WHAT THE TASK REQUIRES ▸
After finding the line with "Expansive finished lower" in the data below, set down exactly each line through the one with "Stately historic cast-iron urns", inclusive, and stop there.

EXERCISE MATERIAL ▸
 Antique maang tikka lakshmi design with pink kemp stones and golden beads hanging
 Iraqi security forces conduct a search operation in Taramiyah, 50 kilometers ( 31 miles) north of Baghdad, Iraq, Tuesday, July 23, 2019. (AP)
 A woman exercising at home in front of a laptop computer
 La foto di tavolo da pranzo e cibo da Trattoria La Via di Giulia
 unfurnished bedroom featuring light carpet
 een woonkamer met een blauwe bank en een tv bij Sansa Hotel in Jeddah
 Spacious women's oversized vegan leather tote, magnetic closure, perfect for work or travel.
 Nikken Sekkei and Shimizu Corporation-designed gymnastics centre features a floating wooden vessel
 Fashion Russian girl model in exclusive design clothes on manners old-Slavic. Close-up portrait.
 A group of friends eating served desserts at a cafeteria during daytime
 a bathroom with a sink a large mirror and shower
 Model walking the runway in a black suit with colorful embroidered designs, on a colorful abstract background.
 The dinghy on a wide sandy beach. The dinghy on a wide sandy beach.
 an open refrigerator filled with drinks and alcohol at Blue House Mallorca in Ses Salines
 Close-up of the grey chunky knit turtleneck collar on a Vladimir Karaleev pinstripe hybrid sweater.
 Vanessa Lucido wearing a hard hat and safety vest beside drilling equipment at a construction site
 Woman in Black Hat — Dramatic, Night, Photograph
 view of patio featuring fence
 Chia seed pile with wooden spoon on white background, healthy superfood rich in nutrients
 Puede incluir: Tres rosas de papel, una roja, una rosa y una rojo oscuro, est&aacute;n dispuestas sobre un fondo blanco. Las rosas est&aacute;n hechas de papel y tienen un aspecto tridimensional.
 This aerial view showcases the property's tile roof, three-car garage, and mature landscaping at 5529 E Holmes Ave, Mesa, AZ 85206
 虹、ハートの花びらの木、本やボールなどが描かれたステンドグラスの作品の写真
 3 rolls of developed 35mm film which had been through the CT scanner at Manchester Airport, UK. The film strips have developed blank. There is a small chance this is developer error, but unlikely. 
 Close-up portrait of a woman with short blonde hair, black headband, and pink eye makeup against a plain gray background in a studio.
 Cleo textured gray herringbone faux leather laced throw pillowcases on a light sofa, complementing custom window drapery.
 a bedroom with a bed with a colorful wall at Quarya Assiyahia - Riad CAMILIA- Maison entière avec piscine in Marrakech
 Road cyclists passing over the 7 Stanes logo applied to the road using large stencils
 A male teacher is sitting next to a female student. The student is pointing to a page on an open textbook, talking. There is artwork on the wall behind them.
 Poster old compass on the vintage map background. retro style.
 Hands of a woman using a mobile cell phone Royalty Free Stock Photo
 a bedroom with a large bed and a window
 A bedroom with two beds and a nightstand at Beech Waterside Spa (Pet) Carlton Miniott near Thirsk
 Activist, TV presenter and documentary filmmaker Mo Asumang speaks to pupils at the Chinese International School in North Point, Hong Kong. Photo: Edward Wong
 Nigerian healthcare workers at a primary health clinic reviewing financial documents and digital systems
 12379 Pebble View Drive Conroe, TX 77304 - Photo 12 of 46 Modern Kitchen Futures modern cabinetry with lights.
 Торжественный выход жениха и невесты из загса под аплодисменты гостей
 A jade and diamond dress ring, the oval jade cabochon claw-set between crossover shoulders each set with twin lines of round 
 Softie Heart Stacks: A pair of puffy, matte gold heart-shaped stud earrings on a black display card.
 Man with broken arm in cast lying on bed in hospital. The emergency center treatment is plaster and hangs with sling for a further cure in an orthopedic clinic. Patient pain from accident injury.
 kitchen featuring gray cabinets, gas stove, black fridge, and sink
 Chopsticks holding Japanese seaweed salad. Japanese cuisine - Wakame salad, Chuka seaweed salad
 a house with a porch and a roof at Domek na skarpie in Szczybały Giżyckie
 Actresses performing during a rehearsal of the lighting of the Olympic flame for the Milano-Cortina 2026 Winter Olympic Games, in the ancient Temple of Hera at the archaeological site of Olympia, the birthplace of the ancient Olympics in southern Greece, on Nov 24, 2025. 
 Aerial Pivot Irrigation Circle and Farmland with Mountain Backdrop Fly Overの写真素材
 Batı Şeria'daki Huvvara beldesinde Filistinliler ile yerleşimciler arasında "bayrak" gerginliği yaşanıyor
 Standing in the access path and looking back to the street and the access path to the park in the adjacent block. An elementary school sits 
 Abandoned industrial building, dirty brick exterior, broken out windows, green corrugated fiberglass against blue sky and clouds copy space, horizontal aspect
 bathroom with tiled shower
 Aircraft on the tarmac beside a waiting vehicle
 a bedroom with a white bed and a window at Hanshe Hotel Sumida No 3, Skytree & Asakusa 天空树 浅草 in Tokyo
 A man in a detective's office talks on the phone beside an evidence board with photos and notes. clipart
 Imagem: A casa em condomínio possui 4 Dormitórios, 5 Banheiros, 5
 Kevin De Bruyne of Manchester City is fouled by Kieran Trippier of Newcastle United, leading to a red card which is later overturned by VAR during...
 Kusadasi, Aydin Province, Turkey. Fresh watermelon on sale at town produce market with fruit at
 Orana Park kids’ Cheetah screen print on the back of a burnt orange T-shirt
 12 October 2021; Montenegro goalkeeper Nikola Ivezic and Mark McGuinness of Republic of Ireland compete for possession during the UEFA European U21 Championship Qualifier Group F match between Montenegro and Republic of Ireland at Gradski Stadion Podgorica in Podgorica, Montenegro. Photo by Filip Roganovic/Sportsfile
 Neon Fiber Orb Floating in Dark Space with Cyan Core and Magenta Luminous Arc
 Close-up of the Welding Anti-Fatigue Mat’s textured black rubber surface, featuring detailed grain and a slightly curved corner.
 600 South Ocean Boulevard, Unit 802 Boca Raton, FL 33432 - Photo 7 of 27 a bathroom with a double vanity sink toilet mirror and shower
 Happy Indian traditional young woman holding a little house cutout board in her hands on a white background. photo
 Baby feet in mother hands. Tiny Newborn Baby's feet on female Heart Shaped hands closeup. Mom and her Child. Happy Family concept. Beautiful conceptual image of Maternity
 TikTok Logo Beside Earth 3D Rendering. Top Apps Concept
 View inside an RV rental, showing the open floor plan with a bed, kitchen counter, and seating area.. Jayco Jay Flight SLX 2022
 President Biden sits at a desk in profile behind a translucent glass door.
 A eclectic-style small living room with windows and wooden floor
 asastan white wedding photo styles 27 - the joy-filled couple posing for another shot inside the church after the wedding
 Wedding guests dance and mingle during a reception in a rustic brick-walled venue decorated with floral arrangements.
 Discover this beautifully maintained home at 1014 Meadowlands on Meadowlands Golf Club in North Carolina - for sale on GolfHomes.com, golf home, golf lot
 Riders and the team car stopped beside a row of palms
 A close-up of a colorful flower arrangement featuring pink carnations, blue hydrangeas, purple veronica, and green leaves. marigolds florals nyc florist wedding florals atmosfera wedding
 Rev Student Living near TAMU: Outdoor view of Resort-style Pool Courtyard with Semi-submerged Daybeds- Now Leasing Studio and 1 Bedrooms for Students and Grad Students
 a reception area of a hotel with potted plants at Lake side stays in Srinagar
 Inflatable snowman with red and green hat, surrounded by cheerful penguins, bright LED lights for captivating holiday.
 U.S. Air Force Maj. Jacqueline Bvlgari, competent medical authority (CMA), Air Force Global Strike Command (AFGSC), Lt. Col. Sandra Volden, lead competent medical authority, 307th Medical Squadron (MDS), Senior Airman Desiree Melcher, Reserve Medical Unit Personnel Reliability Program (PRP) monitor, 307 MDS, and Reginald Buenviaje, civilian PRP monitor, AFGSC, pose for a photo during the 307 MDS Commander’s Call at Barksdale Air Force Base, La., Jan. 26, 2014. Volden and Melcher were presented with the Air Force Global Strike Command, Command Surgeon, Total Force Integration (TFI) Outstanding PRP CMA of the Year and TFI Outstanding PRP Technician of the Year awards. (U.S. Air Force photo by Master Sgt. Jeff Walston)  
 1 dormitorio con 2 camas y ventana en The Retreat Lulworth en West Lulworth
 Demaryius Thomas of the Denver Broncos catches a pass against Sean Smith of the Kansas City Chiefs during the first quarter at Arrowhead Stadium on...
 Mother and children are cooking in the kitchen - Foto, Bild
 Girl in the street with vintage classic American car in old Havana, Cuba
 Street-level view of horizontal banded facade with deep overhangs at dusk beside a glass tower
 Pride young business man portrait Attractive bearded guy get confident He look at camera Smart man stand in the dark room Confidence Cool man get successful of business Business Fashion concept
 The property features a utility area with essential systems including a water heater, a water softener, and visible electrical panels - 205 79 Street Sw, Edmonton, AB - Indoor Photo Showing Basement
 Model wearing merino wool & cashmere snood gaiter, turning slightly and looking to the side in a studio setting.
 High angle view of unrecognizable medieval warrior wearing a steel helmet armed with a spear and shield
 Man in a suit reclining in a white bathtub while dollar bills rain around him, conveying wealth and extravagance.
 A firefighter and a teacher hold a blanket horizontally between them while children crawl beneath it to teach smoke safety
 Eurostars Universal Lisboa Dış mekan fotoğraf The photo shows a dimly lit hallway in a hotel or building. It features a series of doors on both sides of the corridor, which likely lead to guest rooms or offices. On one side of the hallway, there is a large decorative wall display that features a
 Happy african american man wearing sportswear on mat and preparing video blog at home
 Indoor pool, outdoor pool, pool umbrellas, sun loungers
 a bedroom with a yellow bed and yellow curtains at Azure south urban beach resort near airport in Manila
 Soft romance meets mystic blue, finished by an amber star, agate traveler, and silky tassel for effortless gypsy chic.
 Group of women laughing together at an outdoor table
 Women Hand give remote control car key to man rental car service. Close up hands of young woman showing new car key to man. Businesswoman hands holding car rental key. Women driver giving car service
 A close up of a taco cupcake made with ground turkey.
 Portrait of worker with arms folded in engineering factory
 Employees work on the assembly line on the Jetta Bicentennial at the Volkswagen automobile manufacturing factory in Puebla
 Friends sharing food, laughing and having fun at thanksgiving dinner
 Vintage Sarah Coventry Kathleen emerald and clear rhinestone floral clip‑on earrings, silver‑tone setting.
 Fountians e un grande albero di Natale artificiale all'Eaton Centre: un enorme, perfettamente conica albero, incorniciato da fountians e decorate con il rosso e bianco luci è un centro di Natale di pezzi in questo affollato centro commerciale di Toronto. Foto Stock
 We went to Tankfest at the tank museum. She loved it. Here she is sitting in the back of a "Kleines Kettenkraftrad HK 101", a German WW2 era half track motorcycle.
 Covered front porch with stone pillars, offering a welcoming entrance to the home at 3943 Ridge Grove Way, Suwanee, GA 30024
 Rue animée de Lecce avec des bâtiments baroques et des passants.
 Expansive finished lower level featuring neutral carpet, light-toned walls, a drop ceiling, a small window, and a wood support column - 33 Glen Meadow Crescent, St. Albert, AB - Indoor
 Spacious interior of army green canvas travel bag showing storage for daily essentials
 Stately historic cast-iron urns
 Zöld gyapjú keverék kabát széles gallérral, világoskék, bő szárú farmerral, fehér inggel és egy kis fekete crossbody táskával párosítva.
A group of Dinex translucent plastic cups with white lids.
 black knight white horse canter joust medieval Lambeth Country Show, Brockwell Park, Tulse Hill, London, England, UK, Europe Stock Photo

TASK SOLUTION ▸
 Expansive finished lower level featuring neutral carpet, light-toned walls, a drop ceiling, a small window, and a wood support column - 33 Glen Meadow Crescent, St. Albert, AB - Indoor
 Spacious interior of army green canvas travel bag showing storage for daily essentials
 Stately historic cast-iron urns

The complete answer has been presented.